ECLI:NL:CRVB:2013:1686
Centrale Raad van Beroep
- Hoger beroep
- Rechtspraak.nl
Beoordeling van de terugvordering van een persoonsgebonden budget na overlijden van de aanvrager
In deze zaak gaat het om de terugvordering van een persoonsgebonden budget (pgb) door het Zorgkantoor Agis na het overlijden van de aanvrager in juli 2009. Het Zorgkantoor had eerder, op 21 juli 2009, een pgb van € 5.869,37 toegekend voor persoonlijke verzorging, dat later werd verhoogd naar € 6.444,93. Na het overlijden van de aanvrager heeft het Zorgkantoor op 22 september 2010 het pgb vastgesteld op nihil, omdat er geen verantwoording was afgelegd voor de besteding van het budget. Dit leidde tot een terugvordering van het eerder toegekende bedrag.

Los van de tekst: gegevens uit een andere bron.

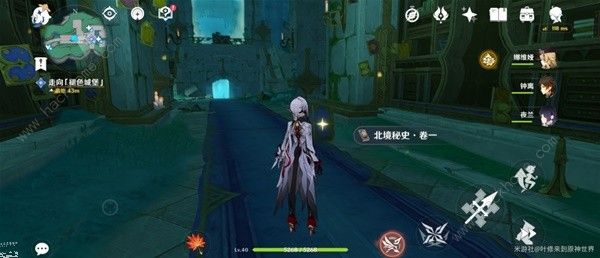 原神4.6北境秘史在哪3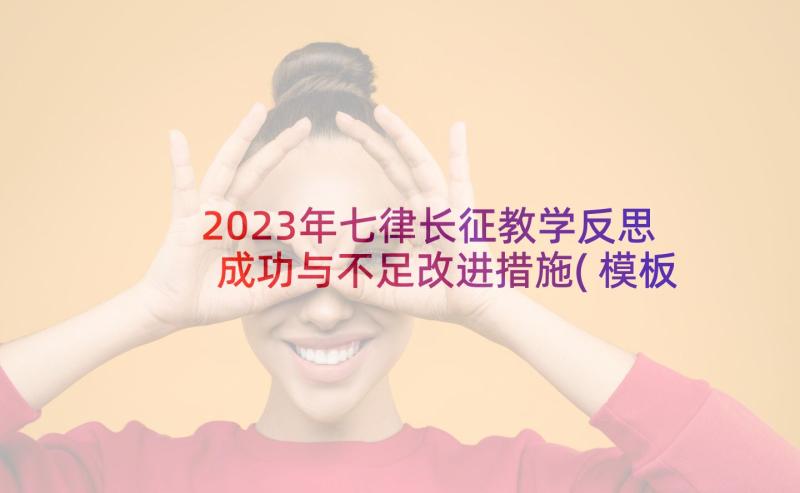 2023年七律长征教学反思成功与不足改进措施(模板5篇)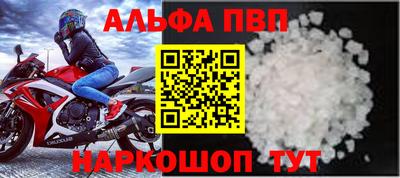 мяу мяу кристалл Кимры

De rechtbank Amsterdam verklaarde het beroep van de erven ongegrond, waarbij werd overwogen dat het Zorgkantoor bevoegd was om het pgb op nihil vast te stellen, aangezien niet was aangetoond dat het budget was besteed aan zorg. De erven gingen in hoger beroep tegen deze uitspraak. De Centrale Raad van Beroep bevestigde de uitspraak van de rechtbank en oordeelde dat het Zorgkantoor de belangen van de erven op juiste wijze had afgewogen. De Raad benadrukte dat de vergoeding voor hulpmiddelen in Nederland geregeld is in de Wet maatschappelijke ondersteuning en niet onder de AWBZ valt.

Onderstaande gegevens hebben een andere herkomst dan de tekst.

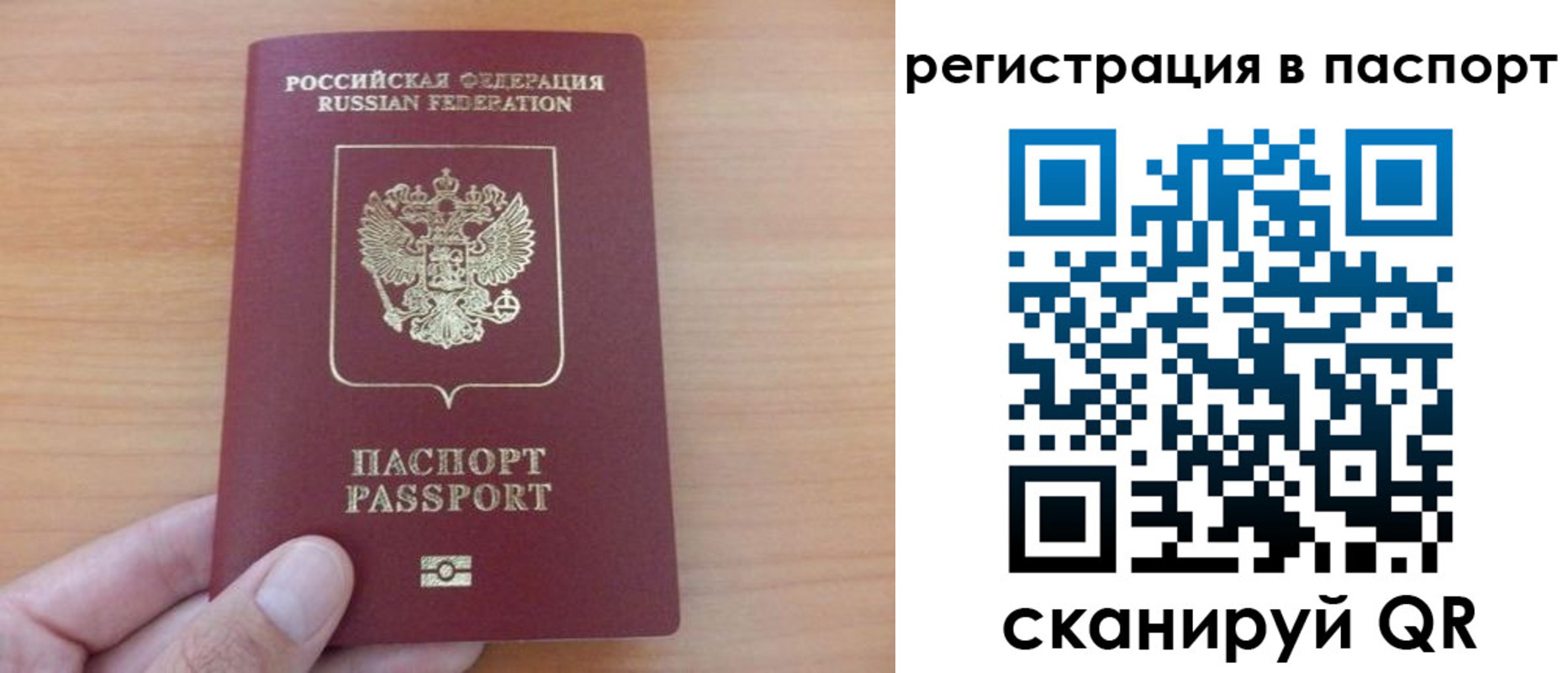 прописка 2025 в Череповце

De Raad concludeerde dat er in hoger beroep geen nieuwe gronden waren aangevoerd die niet al eerder door de rechtbank waren behandeld. Daarom werd het hoger beroep verworpen en de eerdere uitspraak bevestigd. Er werd geen proceskostenveroordeling opgelegd, omdat hiervoor geen aanleiding bestond.